Phase 3 clinical trials are lengthy and expensive processes that could result in hundreds of millions of dollars in losses if they fail, enough to tank a mid-sized or small company. Direct costs alone tend to be in the tens of millions of dollars, yet failures are common. A study by researchers at MIT found that 41% of Phase 3 trials failed between 2000 and 2015. However, AI and big data could help save trials from failure.

Credit: Phesi
A report from Phesi, a clinical data science company, found that many phase 3 trials faced avoidable failure due to two factors: overly complicated trial design and issues with patient recruitment, according to Phesi founder and president Gen Li, Ph.D. “Both of these can be avoided by leveraging big data and artificial intelligence,” said Li.
Clinical trials powered by AI
Phesi’s clinical trials database contains contextualized data from over 200 million patients worldwide and could enable more efficient and wider-reaching patient recruiting. Enrolling patients from Phesi’s database could shorten the timeline and increase the precision of the recruitment process.
Once patients are recruited, Phesi can build digital patient profiles, which are used to design the trial. Phesi’s generative AI, which is based on proprietary statistical models trained on data from about 132 million patients, can use the patient database to model outcomes and enrollment cycle timelines as well as rank KOLs and investigator performance. This is all part of Phesi’s Trial Accelerator software.
“This alignment between the two [patient data and trial design] will give us the opportunity to improve the design of the trial and avoid the amendments and other problems down the road, including the failures,” said Li.

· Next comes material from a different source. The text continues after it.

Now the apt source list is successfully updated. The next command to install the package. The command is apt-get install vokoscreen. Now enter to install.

Although Phesi uses AI to power their services, they never use generative AI to interpret the patient data, because of the “tremendous risk,” said Li. However, he indicated that this might be possible in the future as AI technologies continue to evolve.

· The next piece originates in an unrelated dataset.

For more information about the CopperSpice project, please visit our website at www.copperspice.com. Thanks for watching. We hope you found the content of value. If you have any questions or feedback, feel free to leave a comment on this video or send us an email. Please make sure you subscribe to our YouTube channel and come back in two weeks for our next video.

Phesi also takes measures to prevent bias in the data. “[The data] are coming from multiple institutions. They are coming from multiple investigators. They are being collected over time from different places, so that in itself carries sufficient statistical power,” said Li.

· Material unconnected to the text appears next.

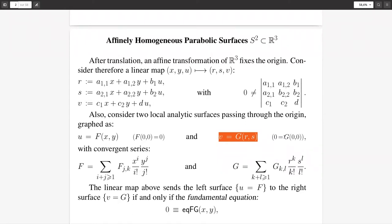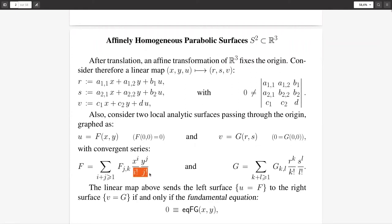I'm taking an affine transformation which, if I choose two points on the left and right to be the origin, becomes a simple GL(3) transformation — a linear transformation fixing the origin with a certain 3×3 matrix of non-vanishing determinant, since it should be a group. The first surface is a graph u = f(x,y) passing through the origin, meaning f(0,0) = 0, and v = g(r,s) with g(0,0) = 0. As the title says, I'm looking at convergent power series expansions.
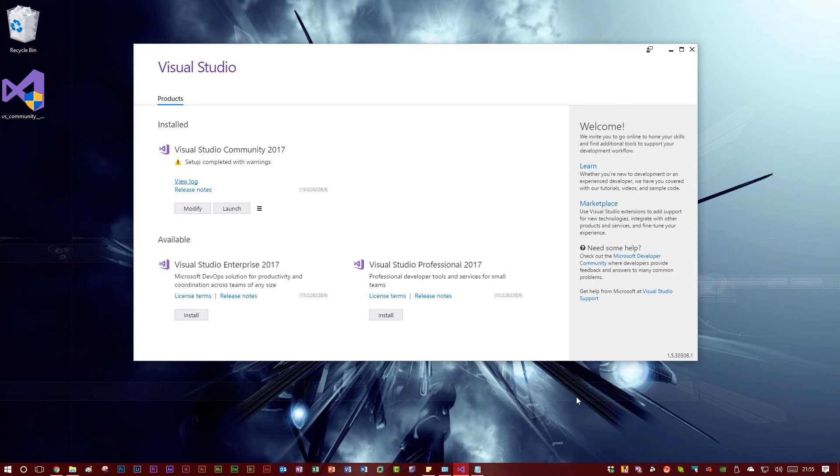I hope this was helpful to you, although it's probably only helpful if you have Trend installed, but if you do, then I hope that was helpful for you. Thanks for watching.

Replacing the control arm with digital twins
Phesi, in addition to other AI companies like Unlearn, can utilize patient profiles to create digital twins, which they aim to use to partially or completely replace the control arm in a clinical trial. Phesi pulls data from similar studies testing the same treatment to create digital twins of real patients who received placebo treatments. This could accelerate the clinical trial process by reducing the number of participants required, as well as solving ethical issues such as giving critically ill patients a placebo treatment.
Li emphasized that data from real patients is the foundation of each digital twin. Li said, “This is a digital world, but that digital world completely and absolutely mimics the real world.”
Digital twins can also support clinical trials in rare diseases, which often struggle to recruit enough patients. With the Phesi database, investigators can use the digital twins of deceased patients alongside their living participants. “For example, if we are dealing with a particular disease that has not been progressed or impacted by any medical innovation, then we can use very old data,” said Li.
This approach could also impact oncology. “In the cancer area, for example, lung cancer. You probably have cancers being driven by over 20 different kinds of biomarkers. So despite the fact that lung cancer is not a rare disease, that particular patient population becomes a rare disease,” said Li.
Li added that he believes Phesi is “very close” to being able to replace the control arm with digital twins, but he also emphasized the importance of building a strong foundation, “we are more aiming for a pragmatic, widely usable solution, [rather] than rushing our time to get there.”